The future of small, advanced nuclear reactor may be reached a huge milestone Friday.
After years of review, the U.S. Nuclear Regulatory Commission has directed NRC staff to issue a final rule certifying applicant NuScale Power’s small modular reactor design for use in the country’s power generation mix. The certification means that NuScale’s SMR design is considered to meet the agency’s safety requirements.
Oregon-based NuScale Power has been seeking U.S. nuclear regulatory approval for seven years and is the latest SMR developer to gain that inroad to certification in North America. Many proponents of a lower carbon power generation mix have said that achieving the carbon-free goal and retaining grid resiliency may be impossible without more nuclear energy, which does not emit carbon dioxide.
“The design uses natural, “passive” processes such as convection and gravity in its operating systems and safety features, while producing up to approximately 600 MW of electricity,” today’s NRC announcement reads. “The SMR’s 12 modules, each producing 50 MW, are all submerged in a safety-related pool built below ground level.”
The NRC has previously certified six other designs: the Advanced Boiling Water Reactor, System 80+, AP600, AP1000, the Economic Simplified Boiling Water Reactor and the APR1400.
Some experts commend nuclear for its carbon-free, on-site fuel supply attributes and its dispatchable generation to complement intermittent renewables.

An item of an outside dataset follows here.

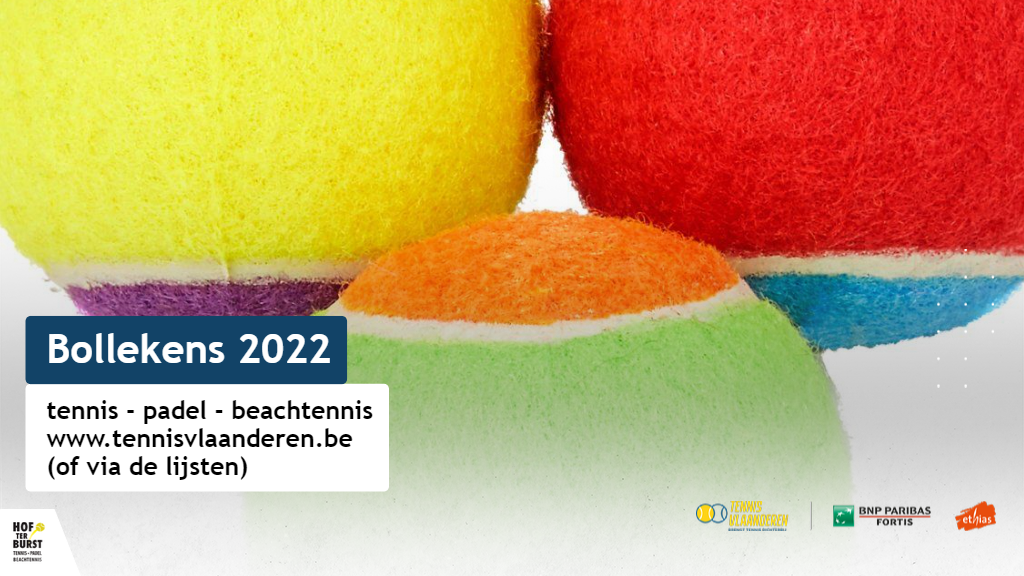 Bollekens 2022 – tennis – padel – beachtennis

They also note that its costs may have relatively small compared to conventional nuclear projects such as the estimated $30 billion Vogtle Units 3 and 4 epxansion undertaken by Southern Co. in Georgia.

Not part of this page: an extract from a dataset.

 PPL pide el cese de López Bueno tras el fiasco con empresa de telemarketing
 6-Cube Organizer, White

Industries seeking energy resiliency and sustainability, such as data centers, have theorized about the potential of SMR nuclear for carbon-free microgrids.
The NRC certification will become effective 30 days after the rule is published in the Federal Register.
Through the past few years, NuScale Power has announced collaborations with various companies around the world. Those agreements have included the Dairyland Power Cooperative in the U.S. and copper producer KGHM Polska Miedz in Poland, among others.
Technology and equipment firms such as Doosan, Samsung and GS Energy are engaged in collaborations with NuScale Power.